By the middle of March, the only food I’m still eating from last year’s garden are onions, shallots and garlic. I feel pretty good about that until I think about the fact that some lucky gardeners out there are digging parsnips right around now.
I love parsnips (roasted or roasted and then pureed), but have never been able to produce more than a handful of misshapen little stumps. Considering the fact that the ideal soil for growing parsnips is deep, sandy loam, I guess it makes sense that I can’t grow them. The native soil in my garden is about 12″ of clay and stones on top of an impenetrable layer of hardpan.

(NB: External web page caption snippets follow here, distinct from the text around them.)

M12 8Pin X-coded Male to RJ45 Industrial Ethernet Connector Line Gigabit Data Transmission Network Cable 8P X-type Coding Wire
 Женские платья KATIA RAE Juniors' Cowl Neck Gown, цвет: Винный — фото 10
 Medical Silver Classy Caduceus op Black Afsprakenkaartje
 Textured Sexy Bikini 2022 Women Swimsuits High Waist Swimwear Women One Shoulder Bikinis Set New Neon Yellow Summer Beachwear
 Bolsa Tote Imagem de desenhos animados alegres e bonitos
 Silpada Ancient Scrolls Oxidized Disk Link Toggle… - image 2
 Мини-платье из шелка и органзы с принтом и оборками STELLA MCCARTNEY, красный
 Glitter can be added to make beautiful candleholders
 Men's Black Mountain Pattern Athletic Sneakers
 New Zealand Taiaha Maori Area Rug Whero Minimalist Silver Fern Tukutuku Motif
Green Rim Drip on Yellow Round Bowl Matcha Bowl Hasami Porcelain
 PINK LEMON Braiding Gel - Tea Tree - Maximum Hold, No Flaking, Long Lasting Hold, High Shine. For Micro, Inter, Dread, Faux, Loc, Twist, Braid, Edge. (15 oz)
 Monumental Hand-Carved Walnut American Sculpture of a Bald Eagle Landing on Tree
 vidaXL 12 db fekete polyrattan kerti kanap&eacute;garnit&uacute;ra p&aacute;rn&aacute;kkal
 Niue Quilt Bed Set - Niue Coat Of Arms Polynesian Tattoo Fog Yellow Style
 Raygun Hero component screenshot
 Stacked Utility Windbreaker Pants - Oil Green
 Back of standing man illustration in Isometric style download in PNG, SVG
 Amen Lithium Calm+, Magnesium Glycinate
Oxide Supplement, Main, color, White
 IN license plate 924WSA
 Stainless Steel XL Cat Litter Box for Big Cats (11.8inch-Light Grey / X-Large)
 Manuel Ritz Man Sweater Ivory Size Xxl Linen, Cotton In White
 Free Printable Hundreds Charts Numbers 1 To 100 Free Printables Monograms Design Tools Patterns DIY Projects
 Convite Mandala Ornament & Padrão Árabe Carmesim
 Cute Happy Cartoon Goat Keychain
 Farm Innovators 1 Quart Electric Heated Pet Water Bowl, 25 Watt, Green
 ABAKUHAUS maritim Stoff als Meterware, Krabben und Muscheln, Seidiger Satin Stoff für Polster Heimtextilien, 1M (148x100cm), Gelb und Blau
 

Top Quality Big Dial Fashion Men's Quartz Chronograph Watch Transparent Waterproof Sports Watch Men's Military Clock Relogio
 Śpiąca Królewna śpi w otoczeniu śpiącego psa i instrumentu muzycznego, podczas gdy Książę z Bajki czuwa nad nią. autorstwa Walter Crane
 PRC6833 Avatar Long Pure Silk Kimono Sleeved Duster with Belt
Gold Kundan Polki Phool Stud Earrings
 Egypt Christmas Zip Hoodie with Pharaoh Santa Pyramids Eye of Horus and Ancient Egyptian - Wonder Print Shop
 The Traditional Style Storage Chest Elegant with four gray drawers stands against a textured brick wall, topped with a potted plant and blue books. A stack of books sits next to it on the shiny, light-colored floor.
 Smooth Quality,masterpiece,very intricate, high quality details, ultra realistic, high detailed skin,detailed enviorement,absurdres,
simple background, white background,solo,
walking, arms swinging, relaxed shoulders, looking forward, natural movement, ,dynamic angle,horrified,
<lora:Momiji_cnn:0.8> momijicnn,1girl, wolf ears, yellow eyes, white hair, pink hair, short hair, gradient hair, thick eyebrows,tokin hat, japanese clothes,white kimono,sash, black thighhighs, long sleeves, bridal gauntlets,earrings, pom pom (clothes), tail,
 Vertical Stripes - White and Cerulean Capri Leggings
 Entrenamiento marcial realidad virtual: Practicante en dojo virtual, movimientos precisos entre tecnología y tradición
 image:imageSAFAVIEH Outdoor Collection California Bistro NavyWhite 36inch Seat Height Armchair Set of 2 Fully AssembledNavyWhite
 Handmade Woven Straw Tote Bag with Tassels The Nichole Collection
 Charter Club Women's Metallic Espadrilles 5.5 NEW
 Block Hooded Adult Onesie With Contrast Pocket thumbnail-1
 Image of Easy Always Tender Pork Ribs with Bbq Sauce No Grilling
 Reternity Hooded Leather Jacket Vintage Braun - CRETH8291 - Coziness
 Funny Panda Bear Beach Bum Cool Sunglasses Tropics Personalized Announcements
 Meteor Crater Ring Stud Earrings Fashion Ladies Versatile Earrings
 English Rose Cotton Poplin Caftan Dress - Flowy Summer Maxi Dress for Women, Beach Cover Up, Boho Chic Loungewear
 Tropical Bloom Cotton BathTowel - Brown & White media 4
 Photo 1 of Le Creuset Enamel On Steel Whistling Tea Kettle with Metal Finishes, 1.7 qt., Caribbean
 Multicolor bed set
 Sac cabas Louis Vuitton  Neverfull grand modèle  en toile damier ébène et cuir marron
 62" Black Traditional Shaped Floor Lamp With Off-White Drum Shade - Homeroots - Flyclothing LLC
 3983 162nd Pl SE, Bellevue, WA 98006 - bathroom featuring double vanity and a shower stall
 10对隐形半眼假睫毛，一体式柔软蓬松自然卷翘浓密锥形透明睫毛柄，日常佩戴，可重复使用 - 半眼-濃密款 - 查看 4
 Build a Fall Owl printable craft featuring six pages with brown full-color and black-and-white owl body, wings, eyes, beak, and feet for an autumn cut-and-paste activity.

Years ago I saw a Victory Garden TV segment in which Roger Swain demonstrated how he grew state fair-winning parsnips. His secret was to create a special growing chamber for each parsnip. After digging out a 20” deep by 6” wide hole, he backfilled it with a special mix of sandy soil. Then he planted a seed on top, right in the center of the hole. In typical Roger Swain style, he just happened to have a few parsnips lying around that he’d produced using this method and we could see with our own eyes that they were more than 16” long and as big around as your wrist. Wow.
If you’d like to try growing parsnips, remember that unlike most vegetable seeds, which remain viable for several years, you need to purchase fresh parsnip seed each year. Sow the seeds directly into the garden spacing them at least 4” apart in every direction. Germination is SLOW. It can take 20 days or more. The top several inches of soil need to stay consistently moist during this entire time. Cover the bed with a row cover if you aren’t confident the seeds will get watered (or rained on).
Parsnips take about 100 days to mature, so get yours planted early in the spring to ensure they finish growing before the days start getting short in the fall. You can harvest your parsnips in late fall and store them in a cool, moist location, as you would carrots (in a plastic bag in your refrigerator crisper or packed in moist sand inside a black trash bag in a cool basement or garage). Don’t start eating them until they’ve spent several months in cold storage, which is what turns their starches to sugars.
In cool climates, you can also leave your parsnips right in the ground over the winter. Just cover them in the fall with 6-12″ of straw to insulate them and retain moisture. Make sure you dig and eat your parsnips before the ground starts to warm up (which would be right now). Once the tops begin to sprout, the roots become soft and spongy. Yuk.